RECORDED DATA:
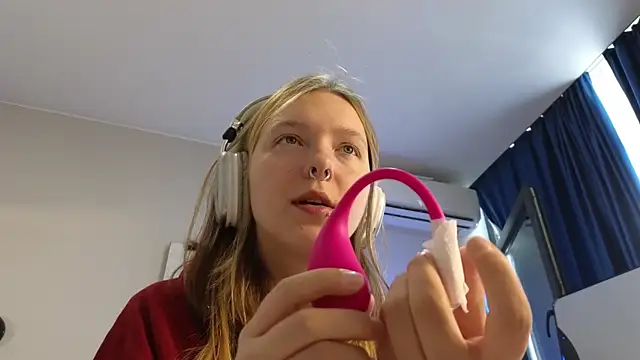LauraLowe webcam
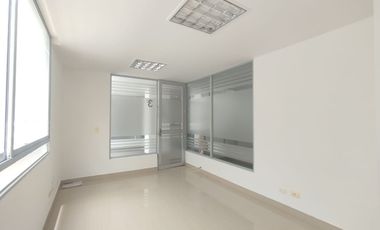 Oficina en venta y arriendo en los Alpes,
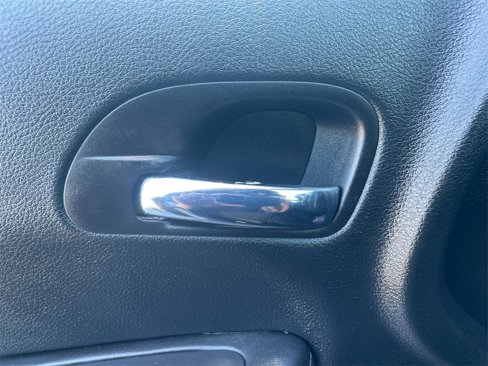 Used 2013 Chrysler 200 Touring image 28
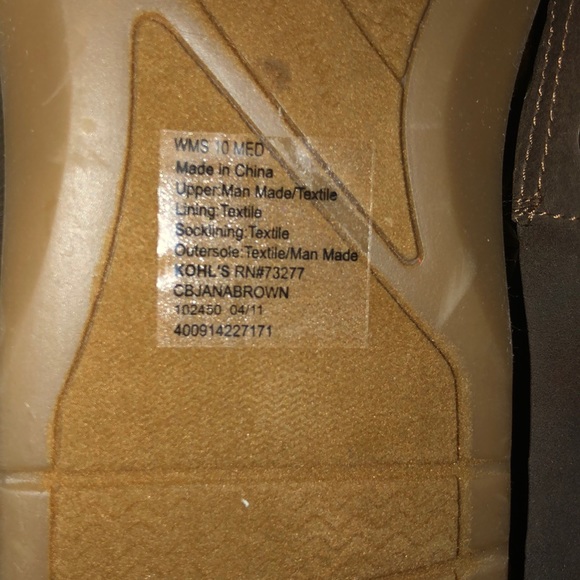 BRAND NEW BOAT SHOES Croft and Barrow - Picture 3 of 4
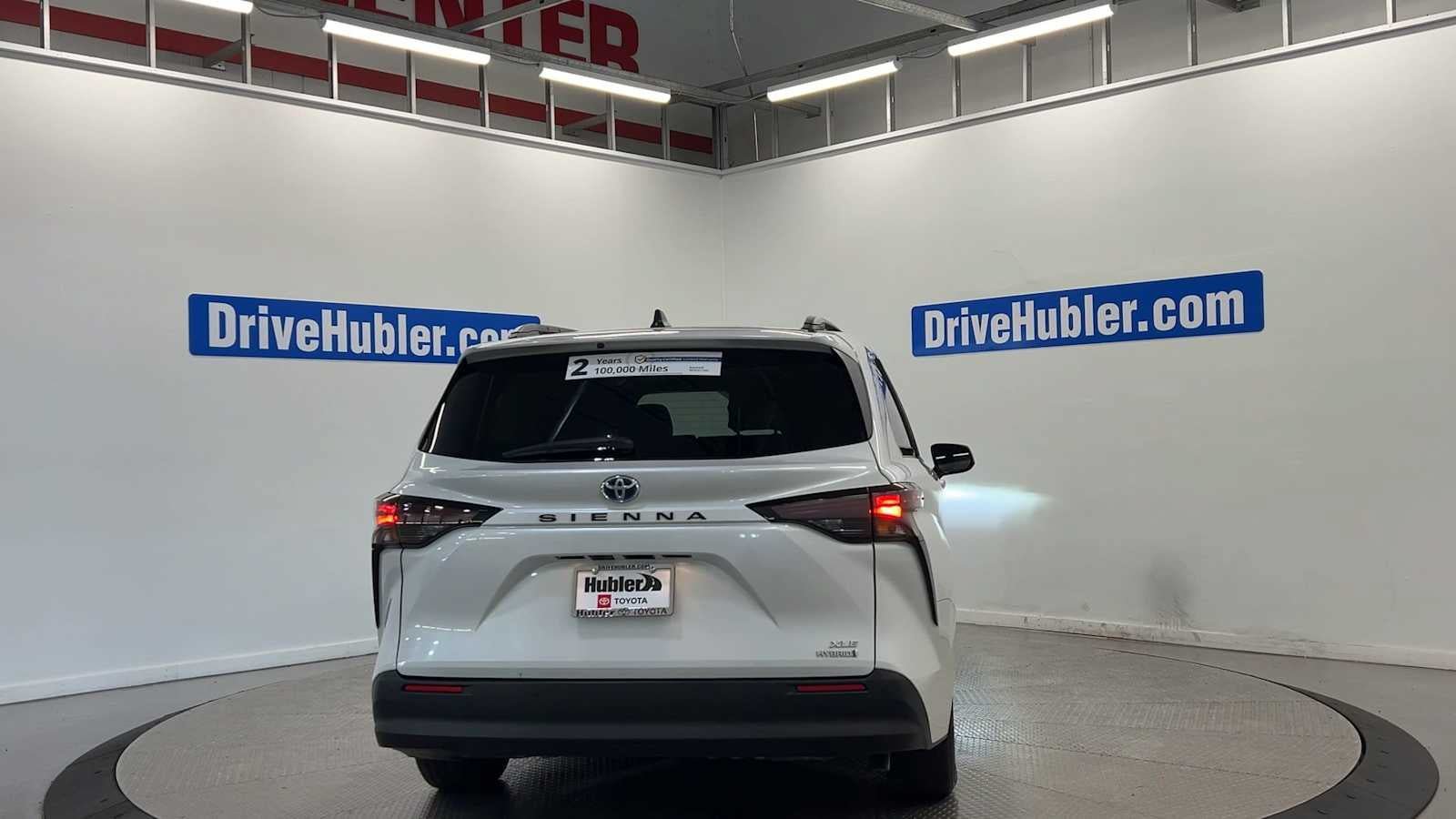 Used 2024 Toyota Sienna XLE FWD image 6
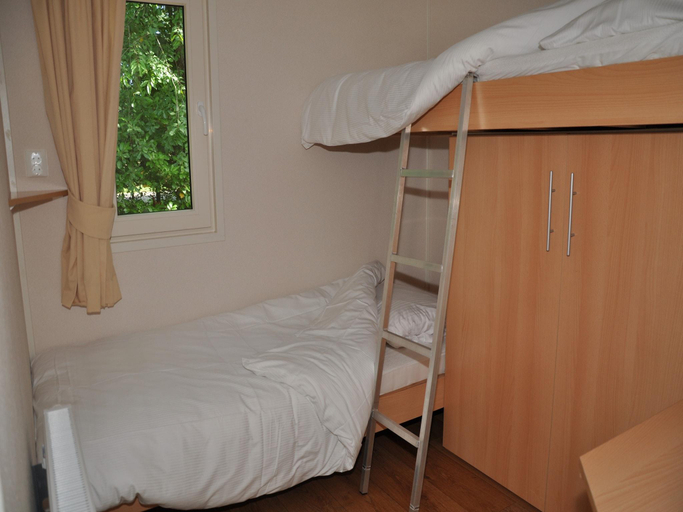 Bedroom 2, Chalet in Parc de Kievit with Private Garden, Baarle-Nassau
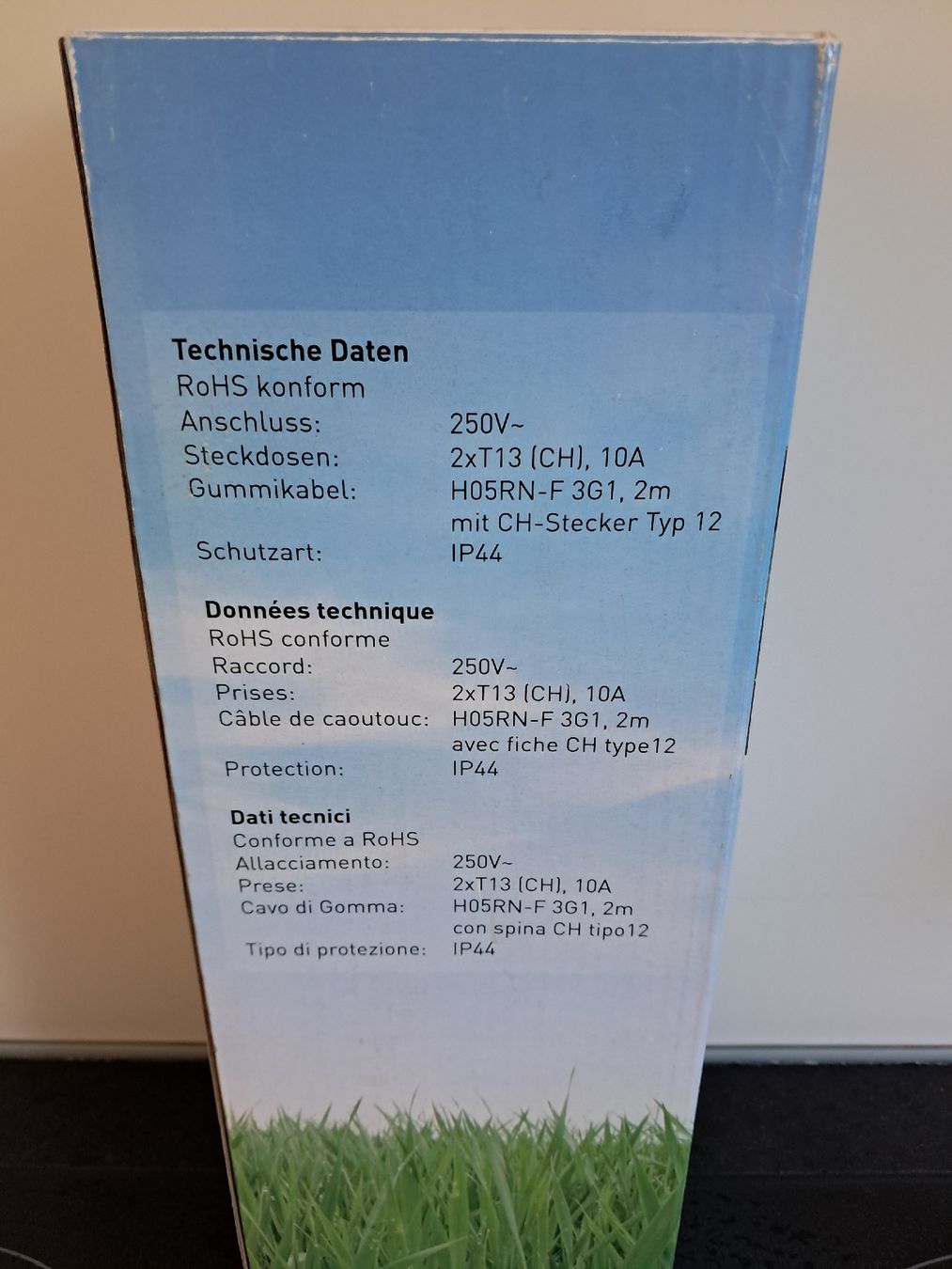 Spine: Gartenspiess mit 2 Steckdosen – Nuovo (secondo la descrizione) da Winterthur venduto da fabelwin 1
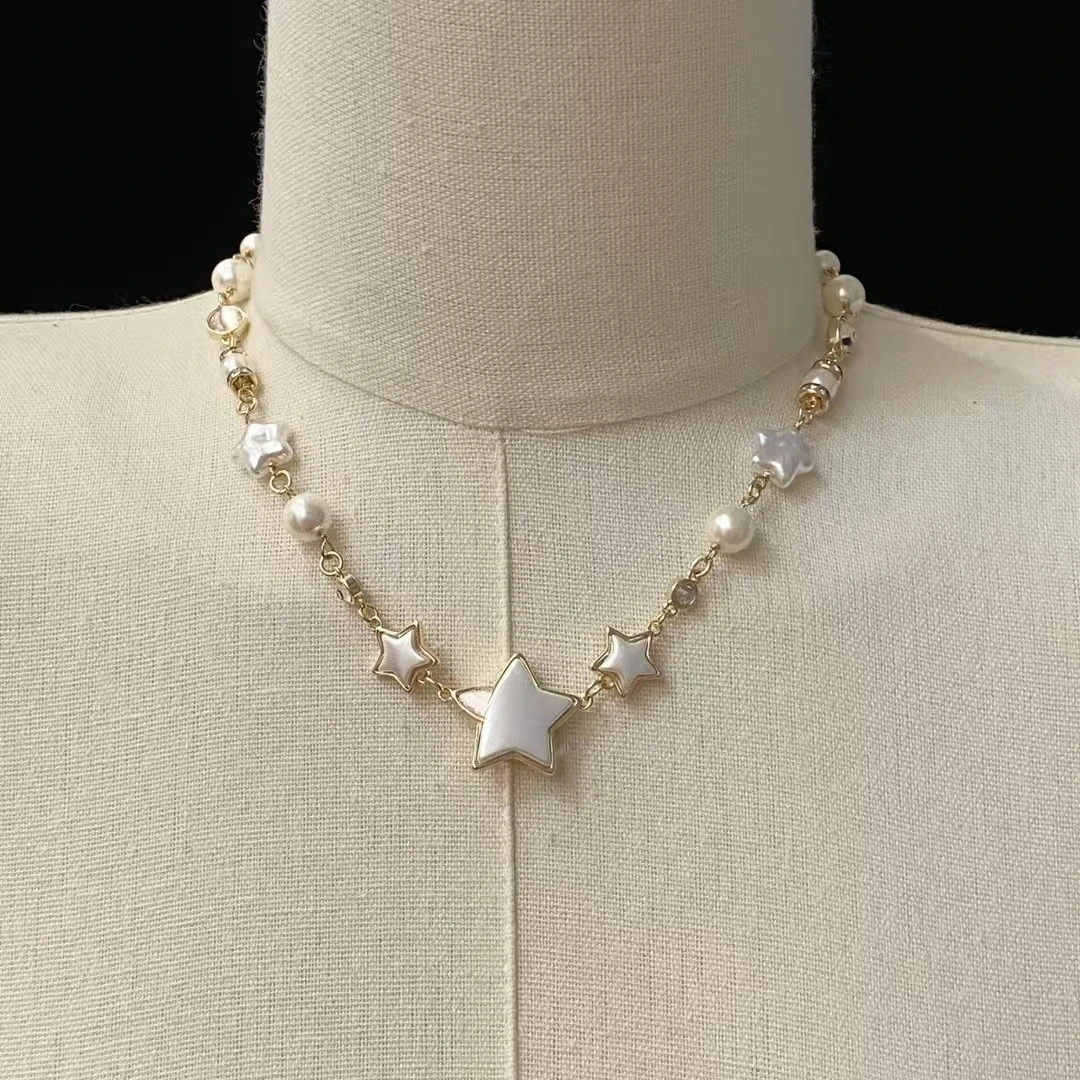 

Жемчужное ожерелье со стразами, маленькая ароматная цепочка знаменитостей, темперамент, универсальная цепочка на ключицу 2025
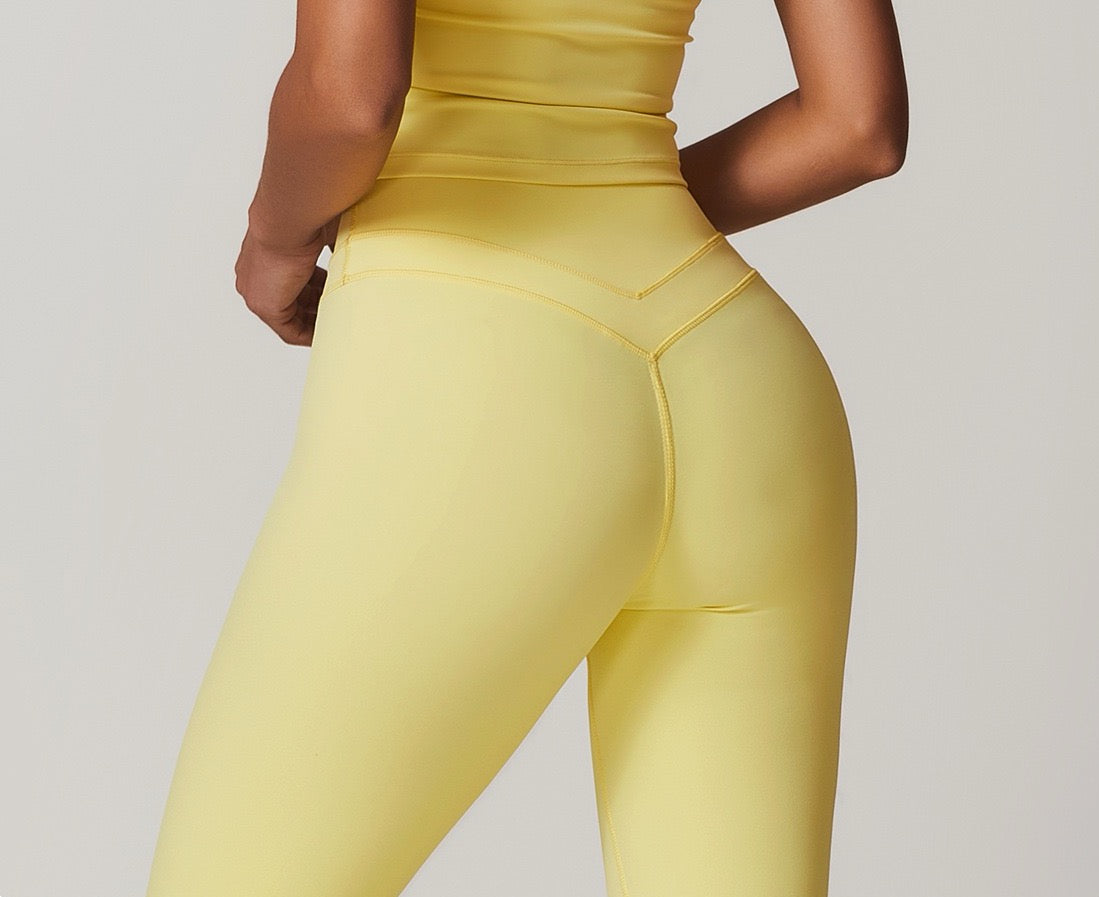 Butt-lifting-leggings-with-tummy-control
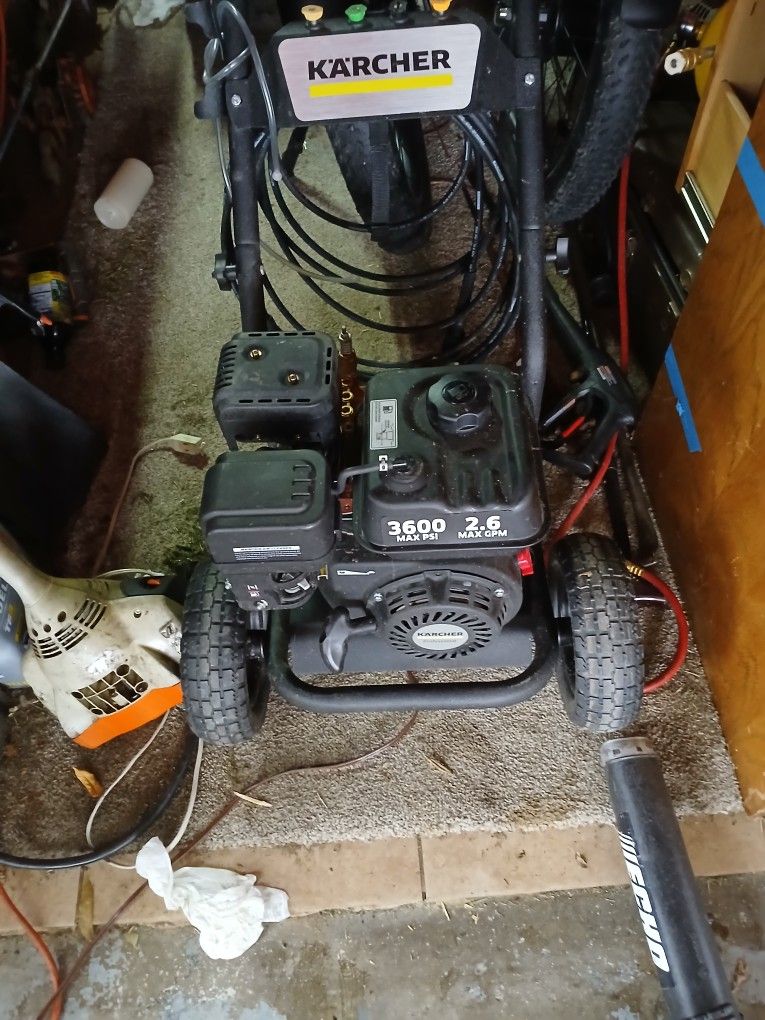 Pressure Washer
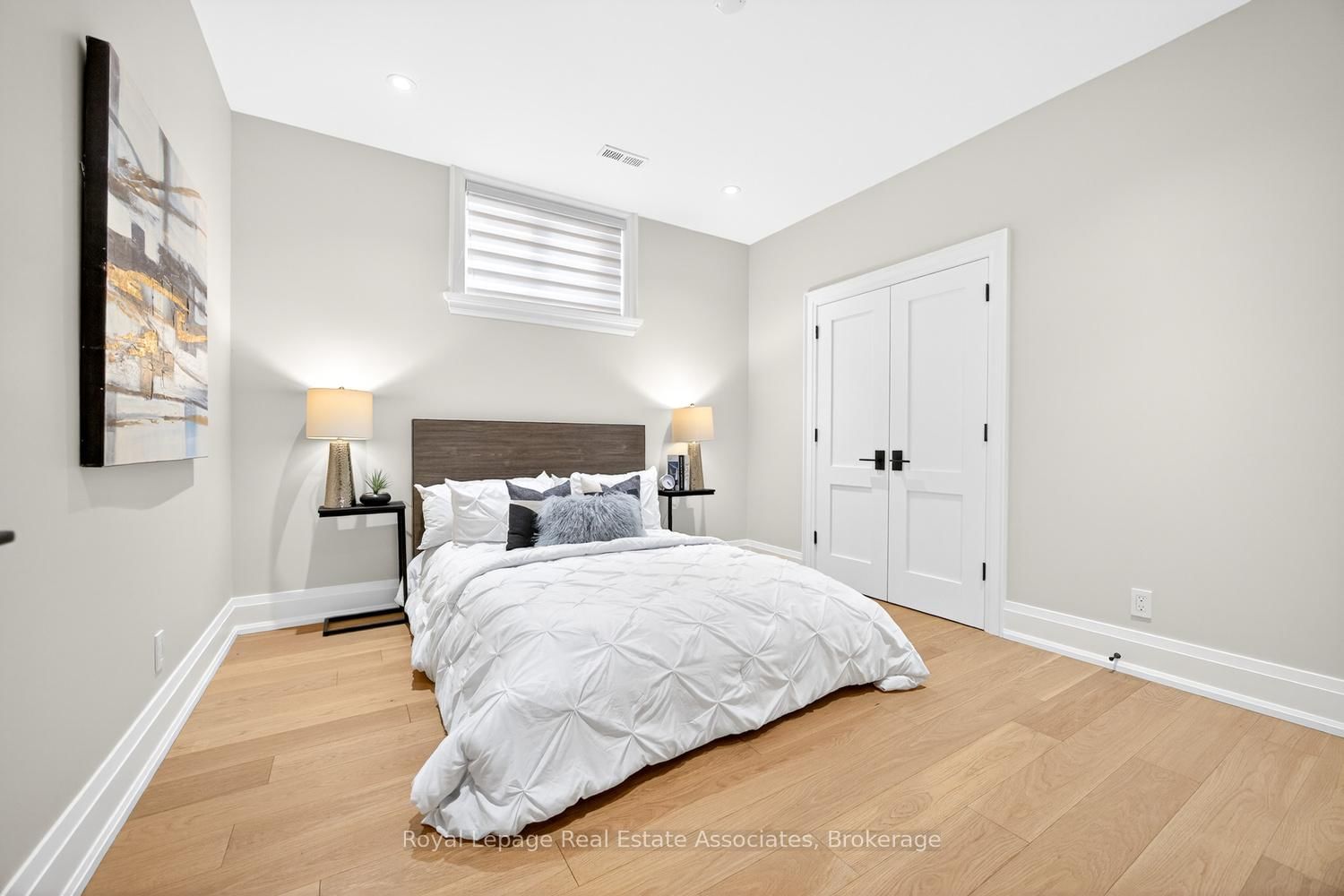 Detached House for sale at 16 Dorlen Avenue, Toronto, Ontario, M9B 5A9 - Islington-City Centre West - MLS: W12971474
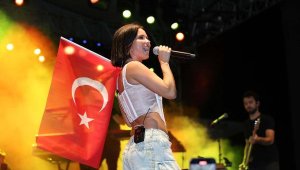 Menemen'de Inna rüzgarı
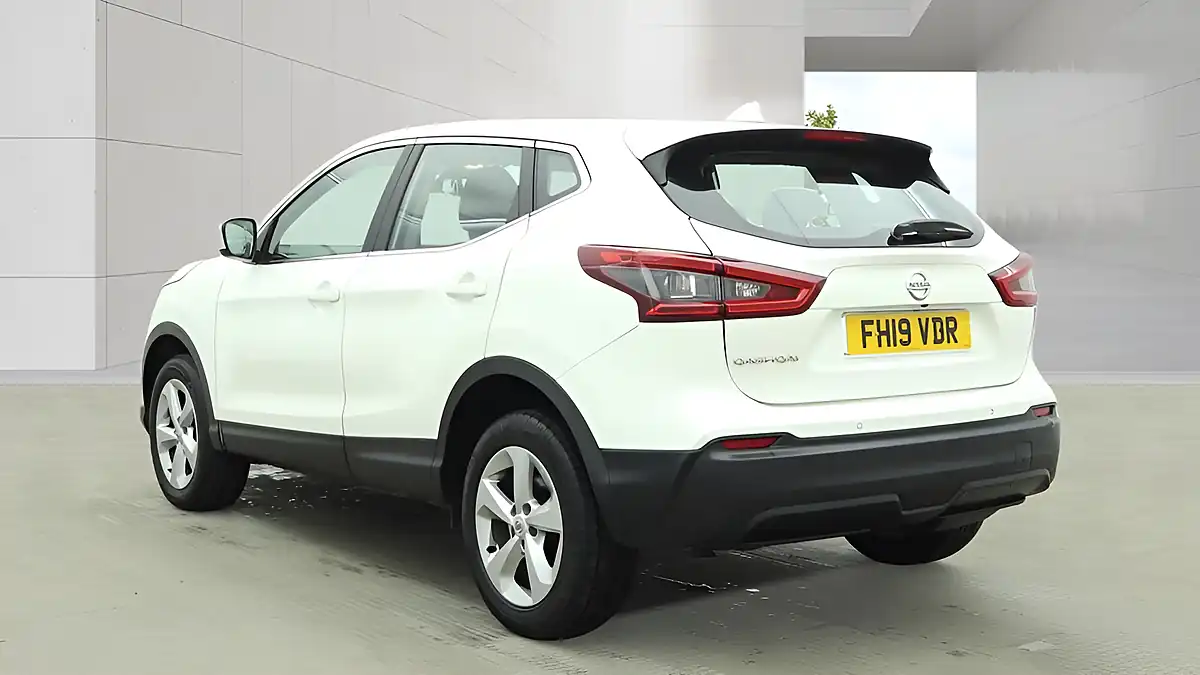 Used 2019 Nissan Qashqai Acenta Premium Pure White - Interior and Exterior details 3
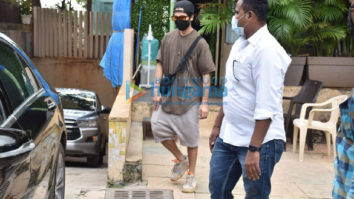 Photos: Shahid Kapoor and Mira Kapoor snapped in Juhu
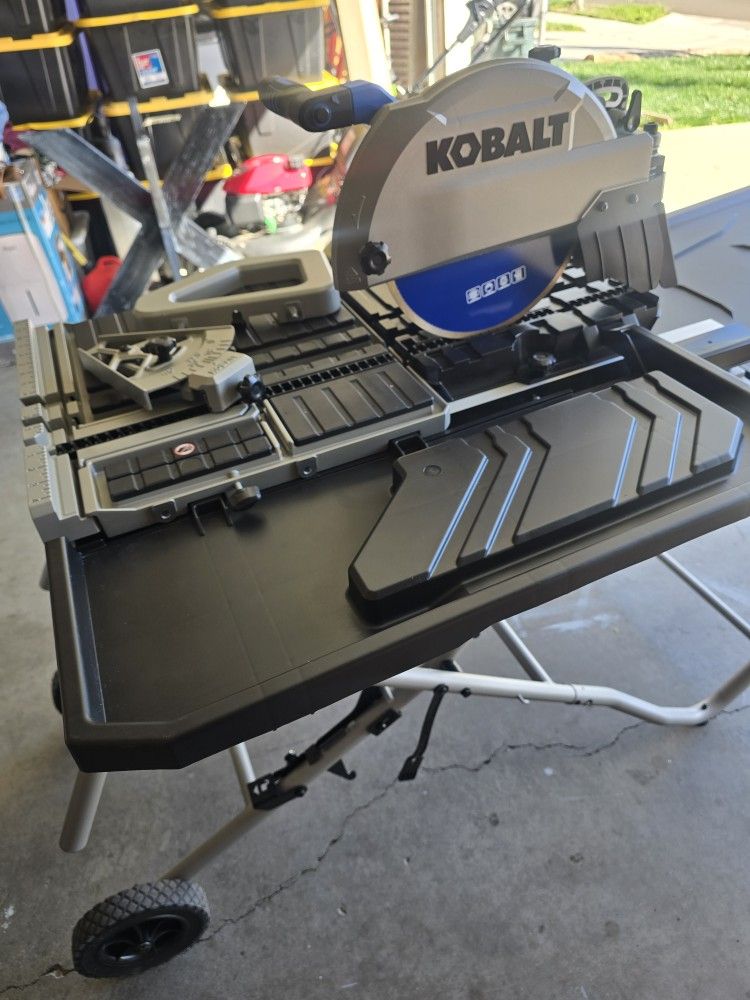 Kobalt 15-Amp 10-in-Blade Corded Wet Sliding Table Tile Saw with Stand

TASK GOAL: Take the line containing "Spine: Gartenspiess mit" as the first line and the last line of the data above as the final one, and output exactly the lines between them, inclusive, with no pictures.

REPLY:
 Spine: Gartenspiess mit 2 Steckdosen – Nuovo (secondo la descrizione) da Winterthur venduto da fabelwin 1

Жемчужное ожерелье со стразами, маленькая ароматная цепочка знаменитостей, темперамент, универсальная цепочка на ключицу 2025
 Butt-lifting-leggings-with-tummy-control
 Pressure Washer
 Detached House for sale at 16 Dorlen Avenue, Toronto, Ontario, M9B 5A9 - Islington-City Centre West - MLS: W12971474
 Menemen'de Inna rüzgarı
 Used 2019 Nissan Qashqai Acenta Premium Pure White - Interior and Exterior details 3
 Photos: Shahid Kapoor and Mira Kapoor snapped in Juhu
 Kobalt 15-Amp 10-in-Blade Corded Wet Sliding Table Tile Saw with Stand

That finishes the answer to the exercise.